Se c’è una cosa che ho imparato presto nella mia vita da tea-addicted è che il tè quando scappa scappa. Non sempre però si può andare in qualche locale per soddisfare la propria voglia, e, soprattutto, non sempre si trova un locale adeguatamente fornito di vero tè. Quindi ho preso l’abitudine di portare con me quando sono fuori casa un thermos con l’acqua calda e un pratico porta tè. Ho pensato allora di creare questa rubrica in cui condividere non qualche nuovo sapore di tè, ma soltanto i vari luoghi in cui mi sono ritrovata a bere il tè.
A causa della casualità della faccenda, le foto sono per la maggior parte prese dal cellulare, quindi di una qualità un po’ inferiore rispetto al solito.

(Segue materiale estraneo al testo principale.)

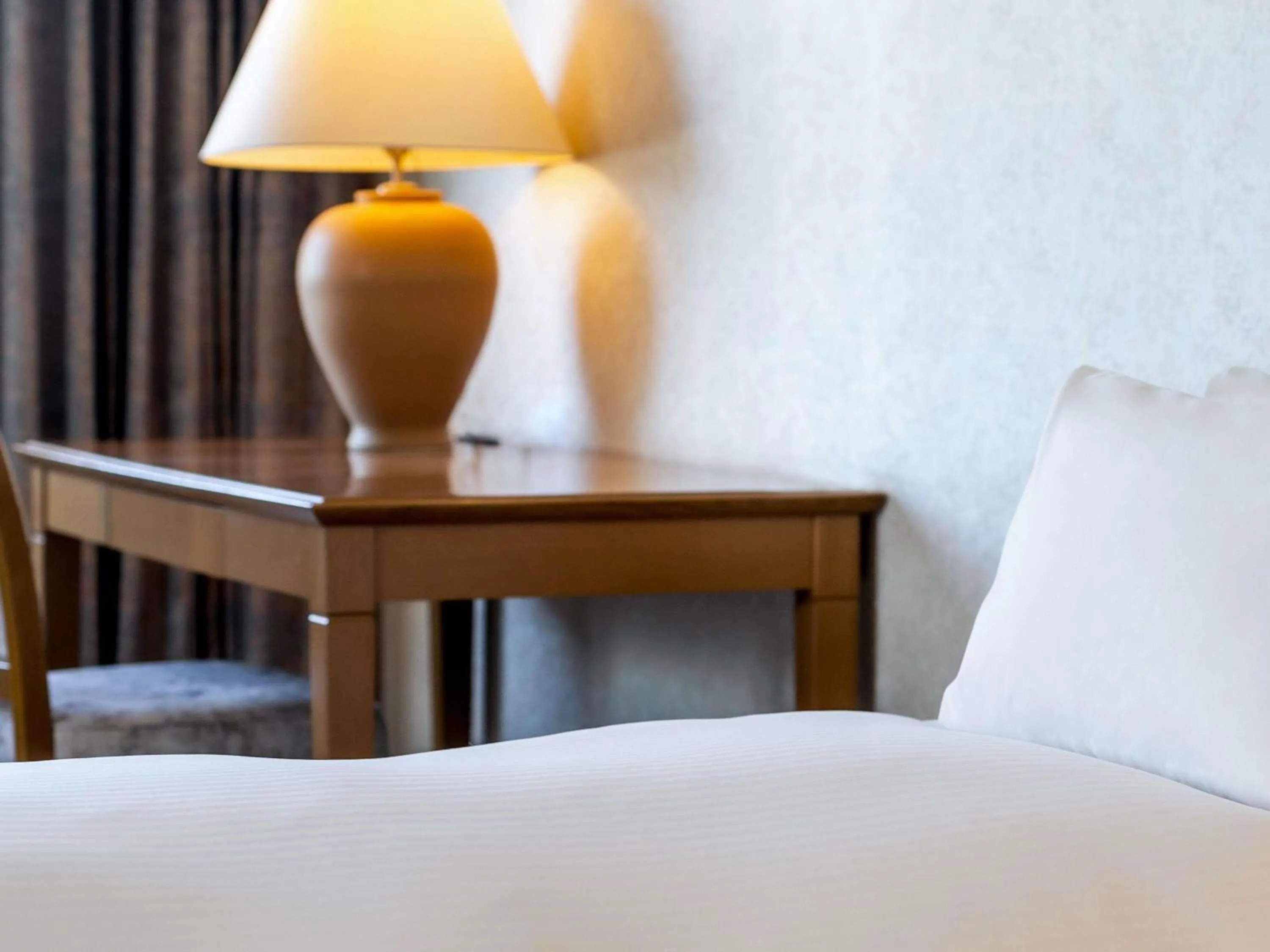 Bedroom, Bed in Mercure Nagano Matsushiro Resort & Spa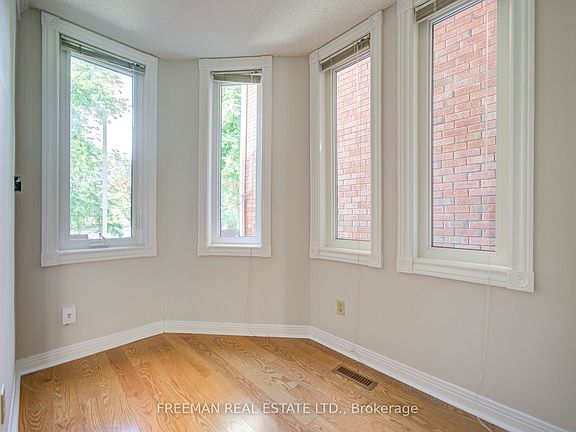 5th image of 107 Brownstone Cir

Era da un po’ che non parlavo di un tè bevuto fuori casa, anche se in realtà mi è accaduto spessissimo di gustarne qualcuno. L’ultimo sabato di novembre, però, mi trovavo in stazione, e avevo per caso con me la macchina fotografica, così ho potuto immortalare la cosa!

Ero in giro dalla mattina, e non mi ero portata a presso il mio solito thermos, così a sera, avendo da attendere quasi un’ora prima del mio treno, desiderosa di qualcosa di caldo… ebbene sì, l’ho fatto: ho preso il tè dalle macchinette!!!!! Anzi, diciamo la verità, mi sono presa una “bevanda al gusto di tè”, come onestamente recita la targhetta. :)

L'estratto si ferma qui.